Architetto esemplare. A Milano la mostra su Angelo Mangiarotti
Continua il percorso di Triennale Milano dedicato alle figure chiave della cultura progettuale del Novecento. Dopo Castiglioni, Lingeri, Mari e Sottsass, è la volta di Angelo Mangiarotti, architetto, scultore e designer che ha ancora tanto da insegnare
Si rivolge a un pubblico molteplice la mostra dedicata ad Angelo Mangiarotti (Milano, 1921-2012) da Triennale Milano ‒ a chi vuole conoscere l’architetto milanese grazie a un’ampia selezione di opere, progetti e documenti che ripercorrono i suoi sessant’anni di attività, agli estimatori di un approccio che sa coniugare “architettura e ingegneria”, come spiega Fulvio Irace, curatore della mostra, e a chi vuole apprezzare estetica degli oggetti e accuratezza dell’allestimento, a cui ha collaborato anche Renzo Piano.

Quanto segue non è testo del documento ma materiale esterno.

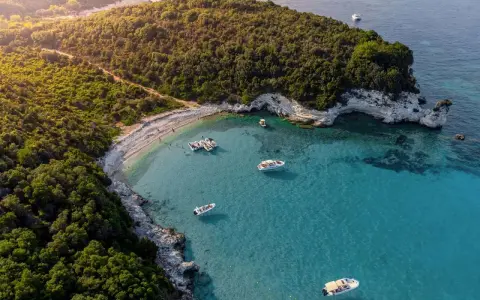 Baia con acque cristalline e vegetazione lussureggiante, ideale per famiglie. Diverse barche ormeggiate, perfette per esplorare le isole greche.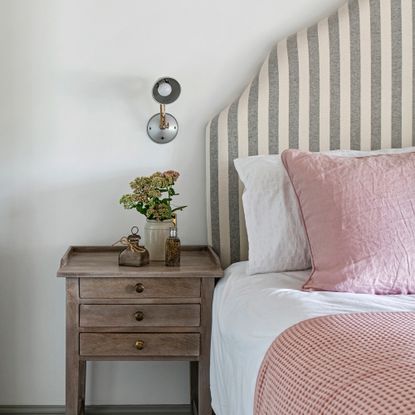 Bed with striped upholstered headboard and small wooden nightstand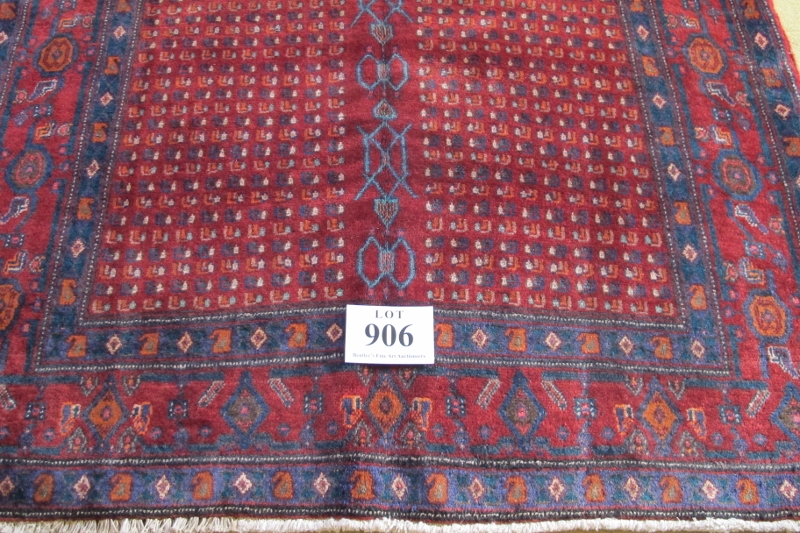North West Persian Senneh rug, central repeat pattern divided by blue motif on burgundy ground, very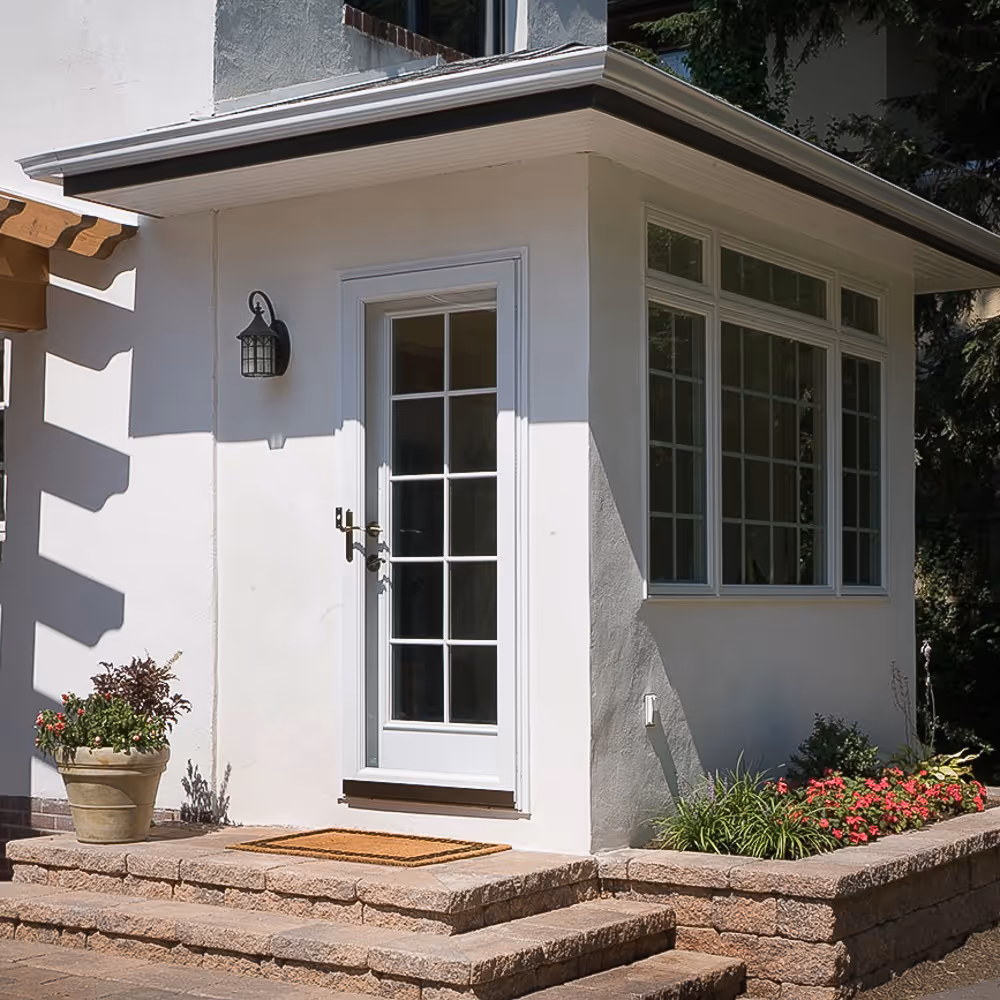 White house entrance with a glass door, stone steps, a doormat, potted plants, and a flower bed.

MANGIAROTTI ALLA TRIENNALE. UNA MOSTRA ANCHE PER GIOVANI
La volontà del team curatoriale è però anche di rivolgersi ai giovani. La mostra nasce, infatti, dal desiderio di valorizzare il materiale d’archivio, posseduto dalla Fondazione Mangiarotti, in sintonia con il percorso che l’istituzione milanese ha dedicato negli ultimi anni ad altre grandi figure dell’architettura e del design: Mari, Sottsass, Lingeri e Castiglioni. Tra gli obiettivi del gruppo di lavoro, quello di “restituire alla storia e ai giovani una figura centrale nella cultura del progetto del ‘900”, spiega Stefano Boeri, presidente di Triennale. Generoso verso il futuro, del resto, è stato anche Mangiarotti stesso, spiega Irace, quando, nel suo modo di operare, ha inserito il concetto di prototipo e di abaco “da cui attingere liberamente per avere edifici migliori”. Lontano da lui, infatti, era il concetto di logo, brand o archistar, a favore dell’anonimato.

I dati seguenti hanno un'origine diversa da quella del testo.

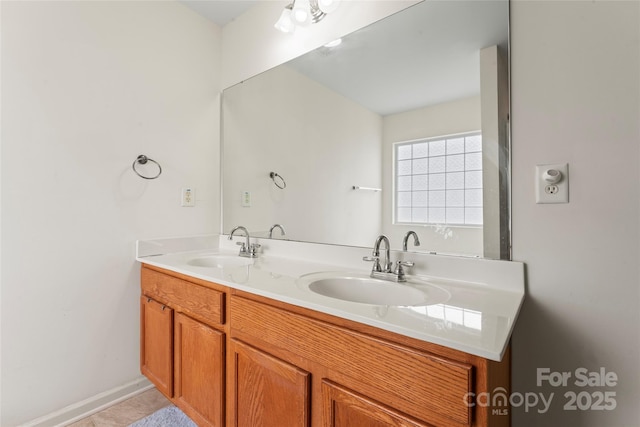 1911 Savannah Hills Dr, Matthews, NC 28105 - bathroom with double vanity and baseboards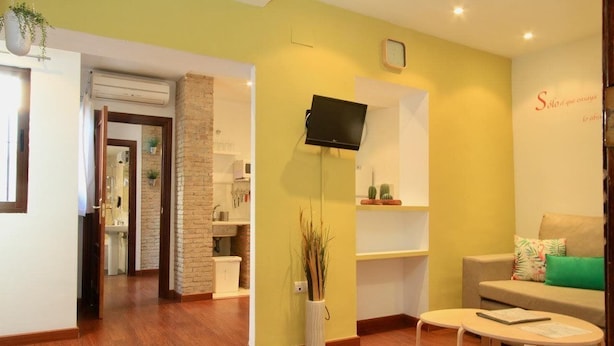 Habitación de hotel con suelo de madera, televisor montado en la pared, sofá con cojines y una mesita.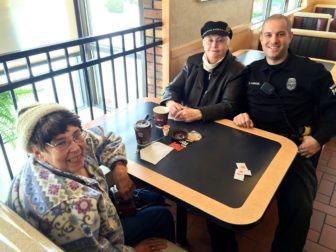 Sheila Pratt, left, Lucette Vallee, center, and Manchester Police Officer Brian Karoul at Second Street McDonald's.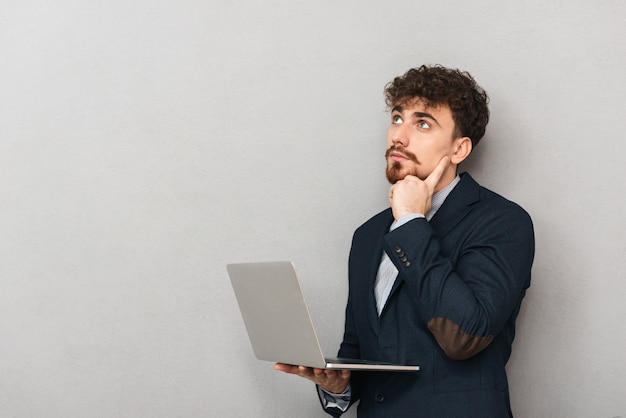 Pensieroso giovane imprenditore che indossa tuta in piedi isolato su grigio, lavorando su un computer portatile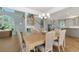 Dining area with staircase and open view to the kitchen, hardwood floors and chandelier lighting at 585 Gunwale Ln, Longboat Key, FL 34228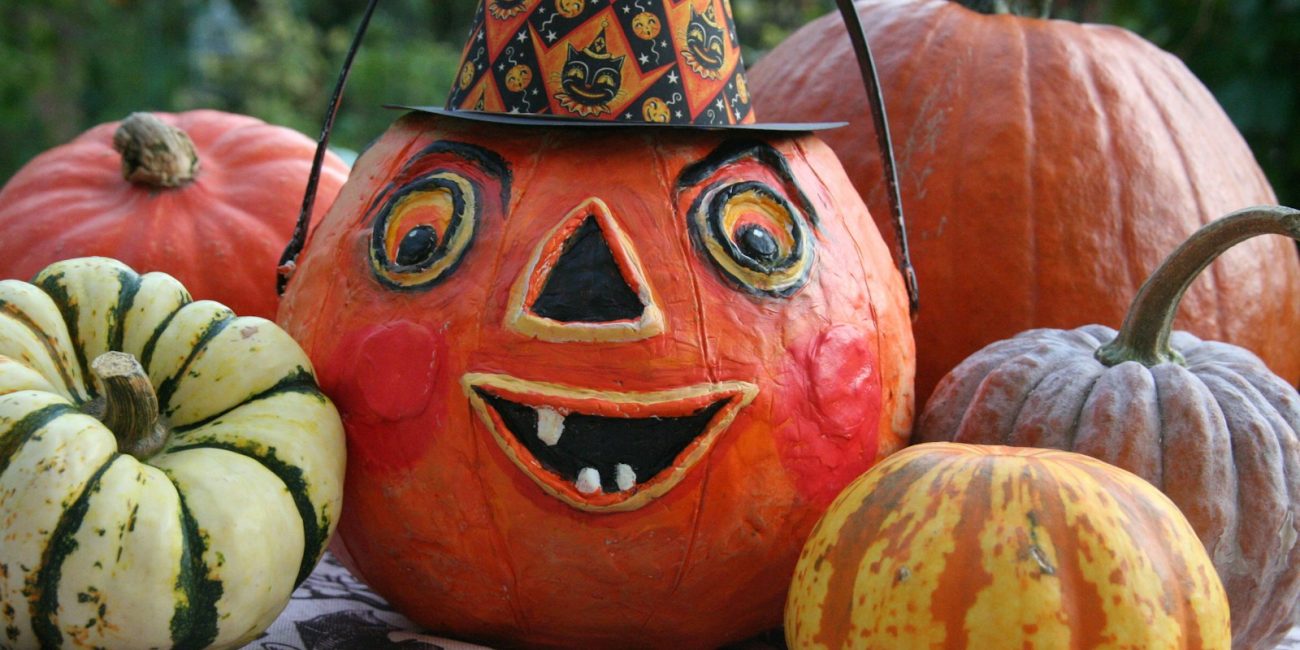 a group of pumpkins with faces painted on them
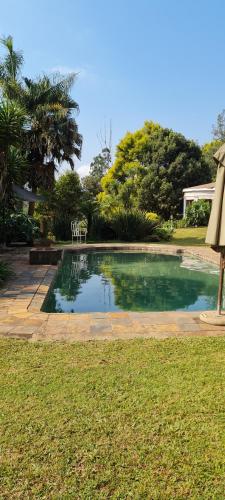 a swimming pool with a table and chairs in a yard at River Suites Sabie in Sabie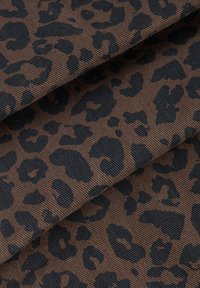 Materijal s leopard uzorkom ima smeđu pozadinu s crnim mrljama. Tkanina ima teksturirani, rebrasti završetak s mrljama različitih oblika.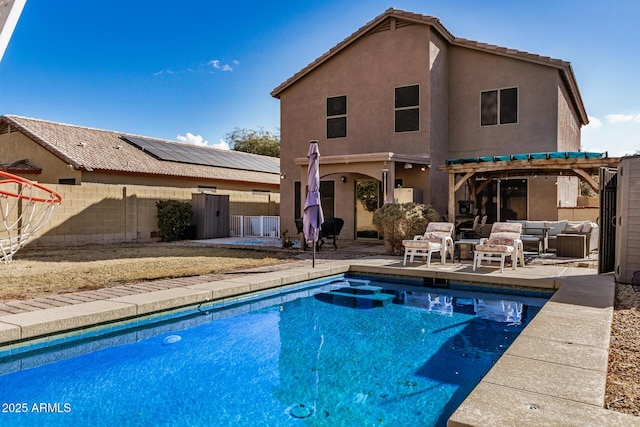 rear view of house with a patio, an outdoor hangout area, and a pergola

LA MOSTRA SU MANGIAROTTI ALLA TRIENNALE DI MILANO
L’opera di Mangiarotti è presentata attraverso una quadreria iniziale, che accoglie i visitatori con una collezione a tutta parete di disegni dell’architetto. Un aspetto non noto ai più è che il disegno era per lui uno strumento straordinario di comunicazione di idee, un’officina in cui sperimentare, più che una ricerca del “bello estetico” a ogni costo. Segue una timeline che fa sì che ci si possa orientare cronologicamente attraverso la produzione dell’architetto milanese a partire dal 1950. Infine, si accede alla galleria, dove si è guidati visivamente da due assi prospettici: l’immagine dell’interno della Chiesa di Nostra Signora della Misericordia di Baranzate (progettata con Bruno Morassutti tra il 1956 e il 1957) e quella della sede di Snaidero disegnata negli Anni Settanta.

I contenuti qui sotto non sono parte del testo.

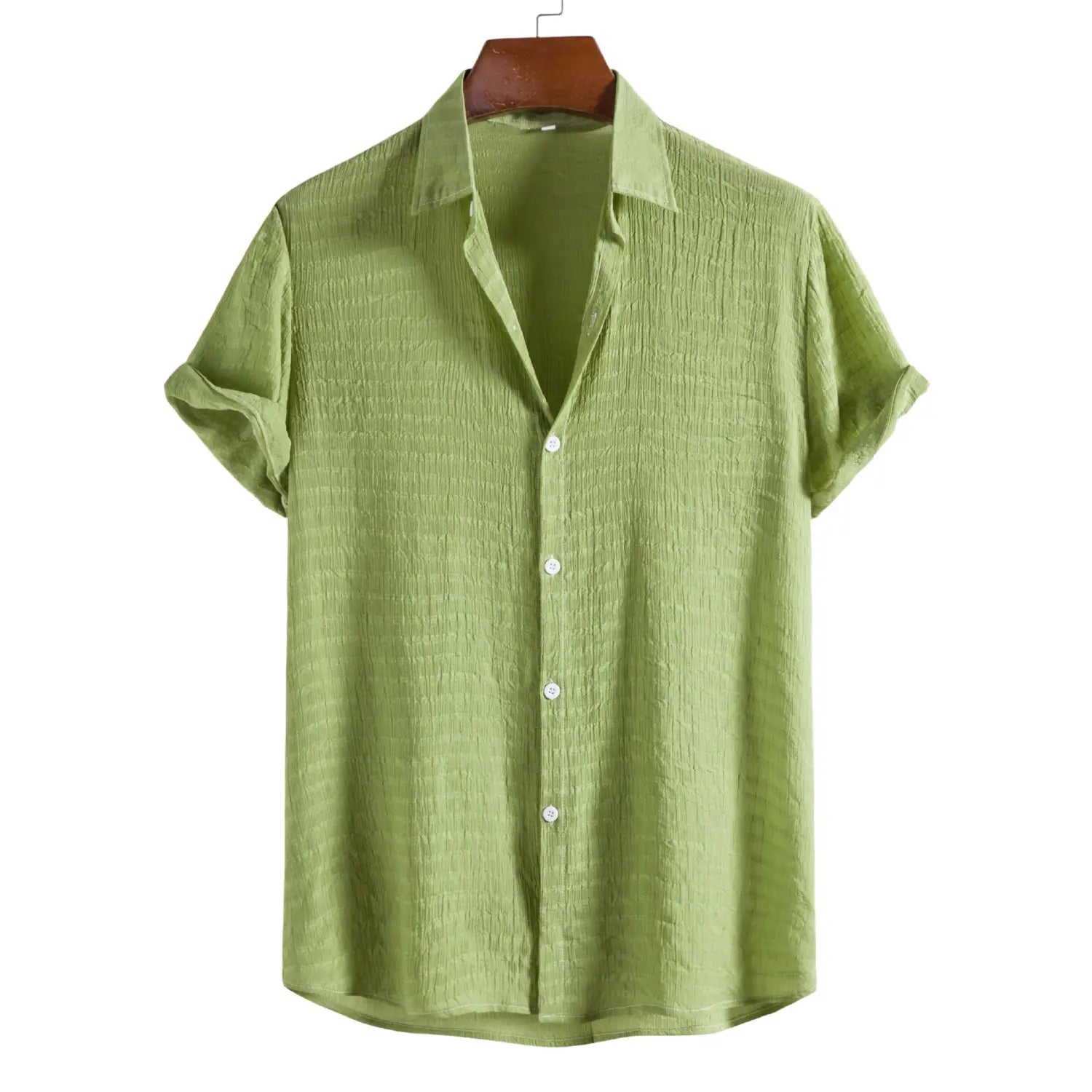 A light green men’s minimalist textured short sleeve grid shirt with white buttons and a textured fabric.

COME LAVORAVA ANGELO MANGIAROTTI
Gli oggetti esposti su tavoli concorrono a ricordare il modus operandi di Mangiarotti, quello dell’officina, appunto: su questi, e su un lungo elemento centrale, trovano spazio sculture, lampade, prototipi e modelli di studio. A unire il tutto è l’approccio multi-scalare proprio del maestro: come in un abaco, gli stessi elementi si ritrovano negli oggetti di design, nelle sue sculture e negli edifici, non un semplice cambiamento di scala ma l’esito di un processo che prevede una riflessione sulla materia.
C’è tanto da conoscere, visitando la mostra, non solo sull’architetto che ne è il protagonista, ma anche su un metodo di lavoro che è sperimentale, appassionato e magistrale per i progettisti di domani.